───── PROVIDED ENTRIES ─────
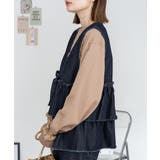 プチハイネックロングスリーブプルオーバー | atONE | 詳細画像38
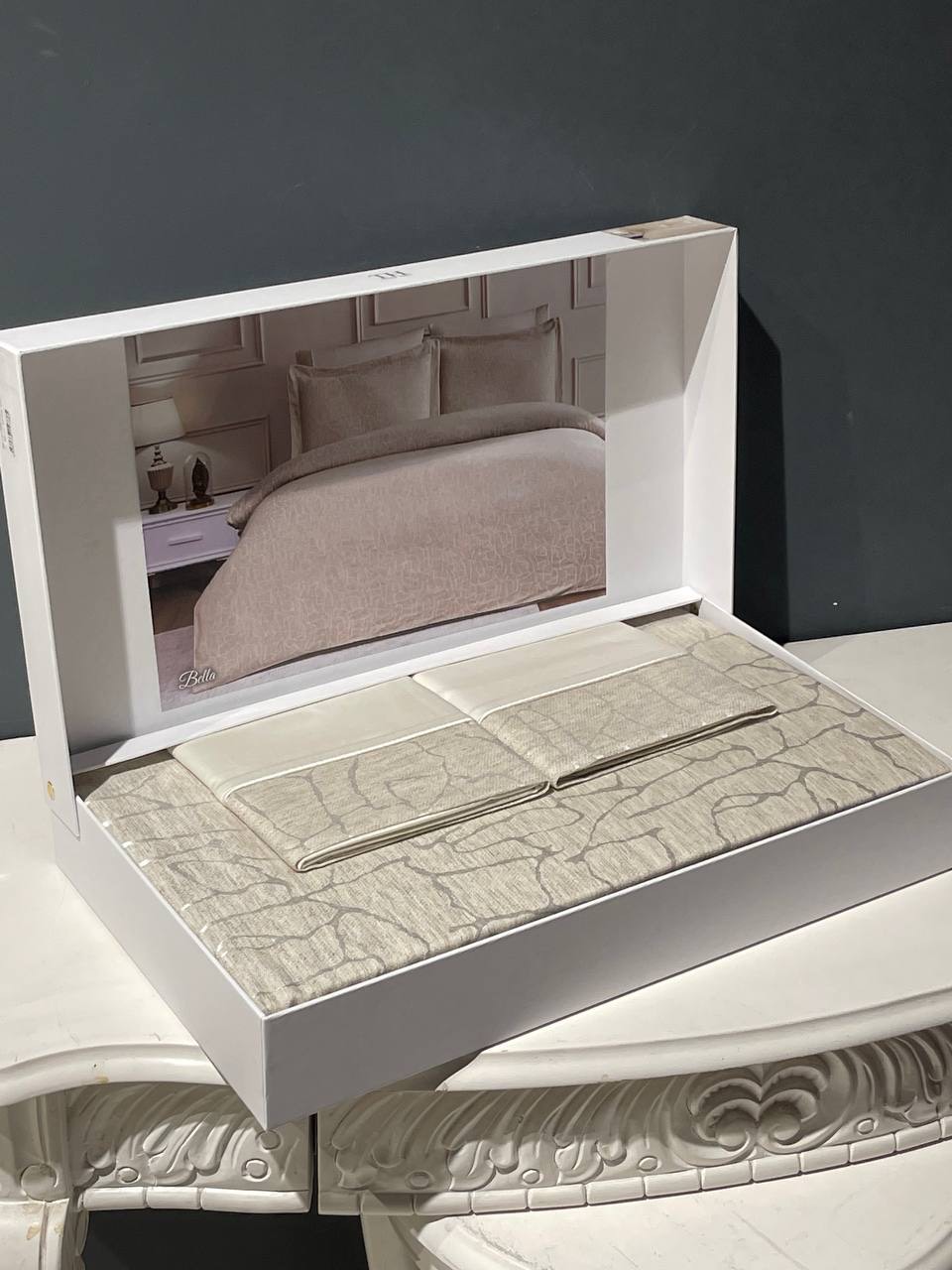 Постельное белье Tivolyo Home BELLA - изображение 2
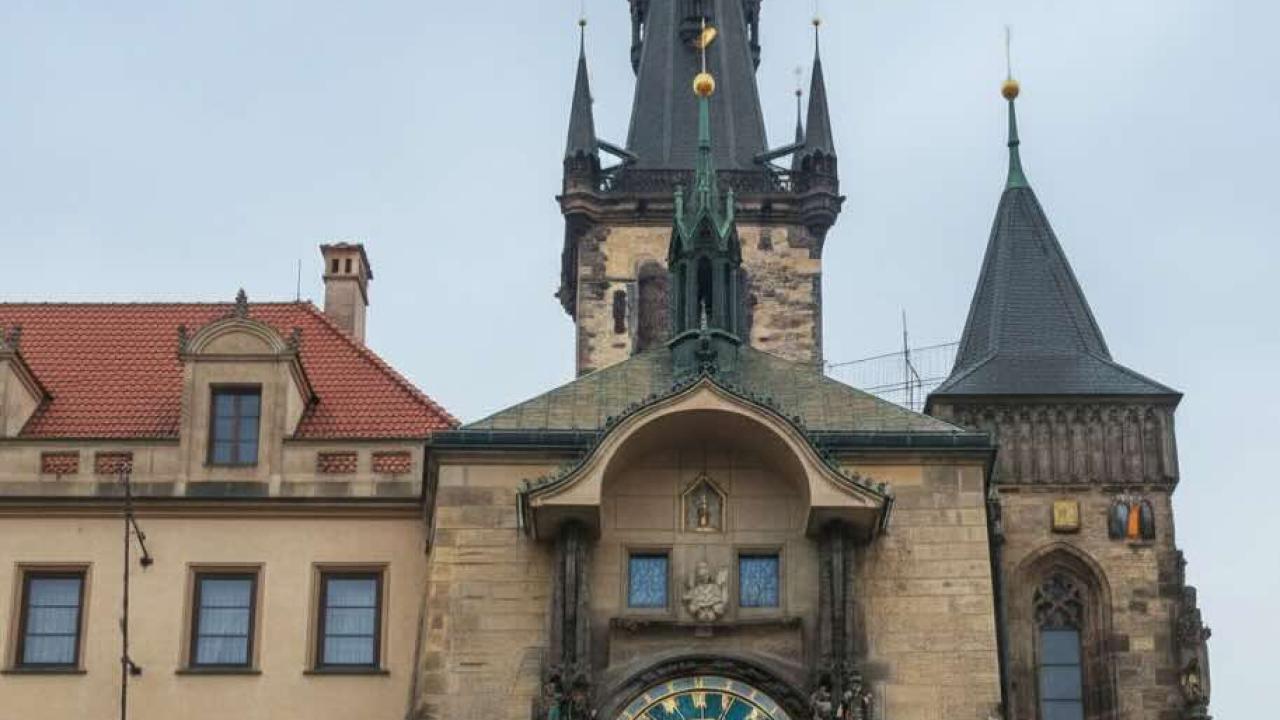 Avrupa’nın en romantik kış şehirlerinden biri: Prag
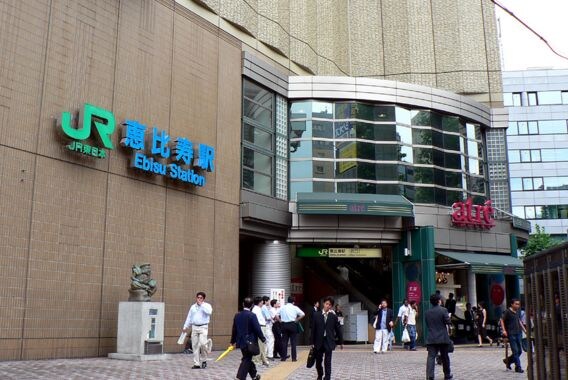 カーサスプレンディッド恵比寿1丁目の物件内観写真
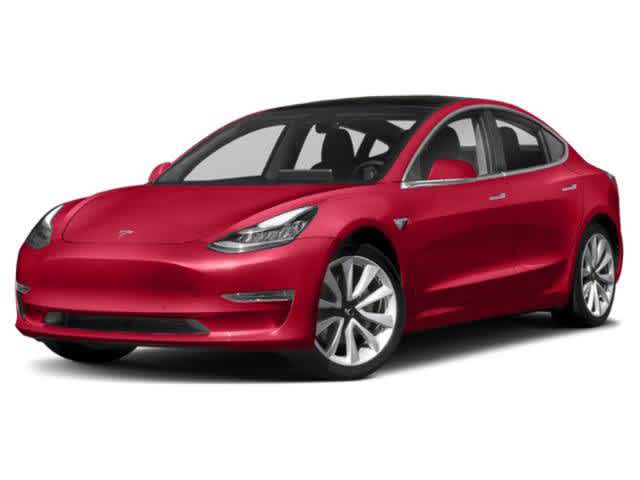 2018 Tesla Model 3 - Image 1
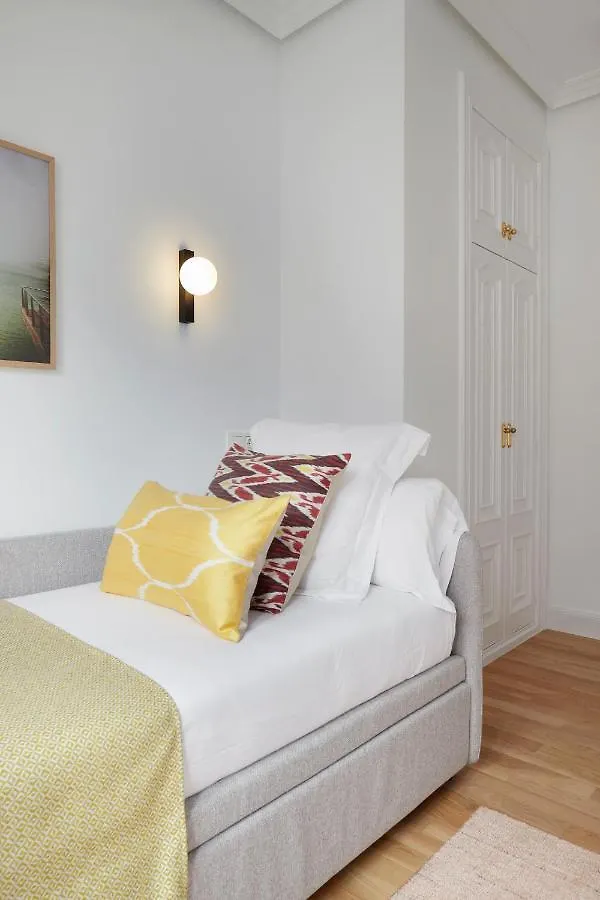 Apartment Zubieta Playa 3 By Feelfree Rentals San Sebastián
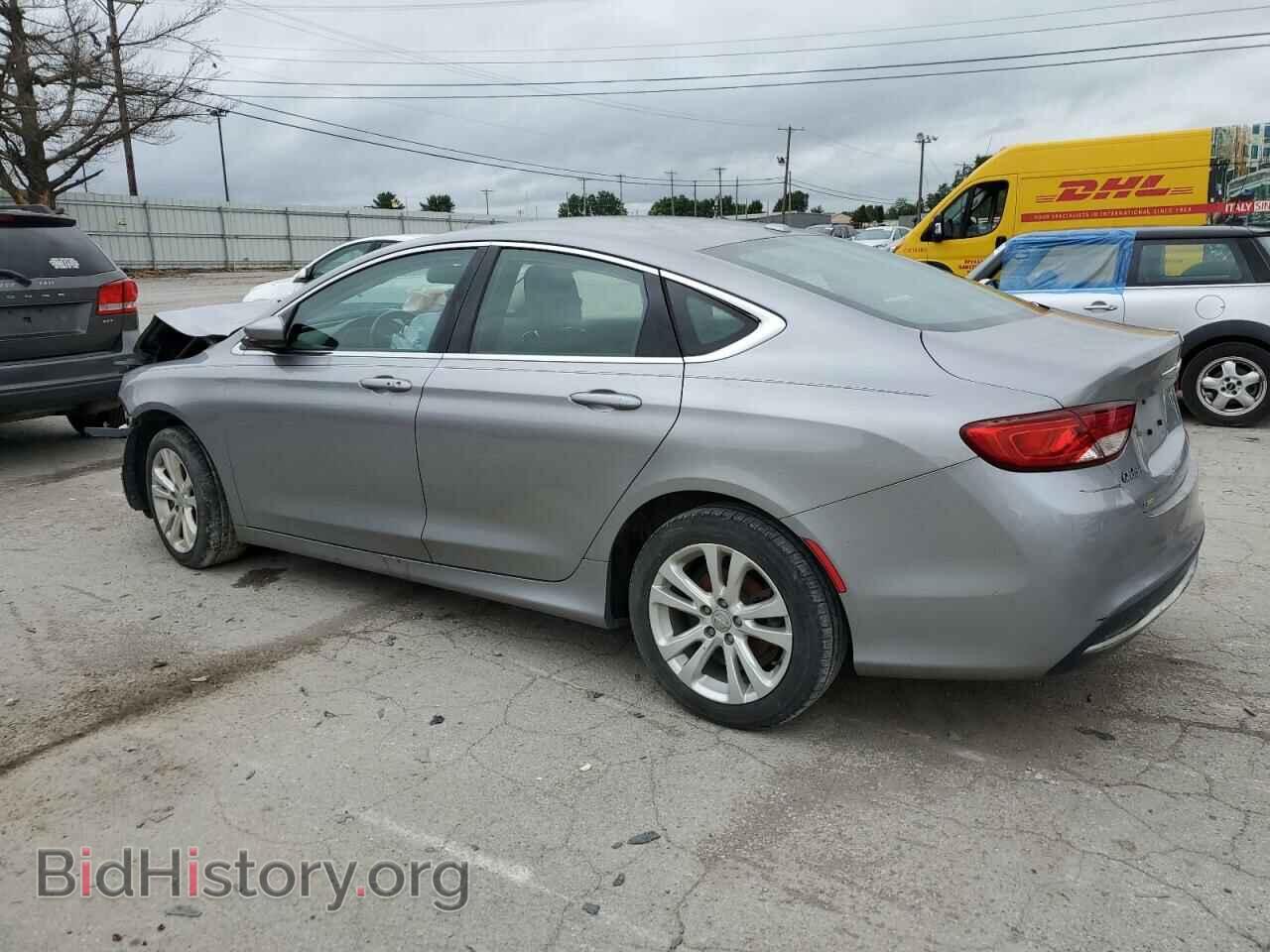 2015 CHRYSLER 200 - VIN: 1C3CCCAB2FN719563 - Фото 2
─────
ACTIVITY: Please copy out the whole listing exactly, minus its pictures.

RESPONSE AREA:
 プチハイネックロングスリーブプルオーバー | atONE | 詳細画像38
 Постельное белье Tivolyo Home BELLA - изображение 2
 Avrupa’nın en romantik kış şehirlerinden biri: Prag
 カーサスプレンディッド恵比寿1丁目の物件内観写真
 2018 Tesla Model 3 - Image 1
 Apartment Zubieta Playa 3 By Feelfree Rentals San Sebastián
 2015 CHRYSLER 200 - VIN: 1C3CCCAB2FN719563 - Фото 2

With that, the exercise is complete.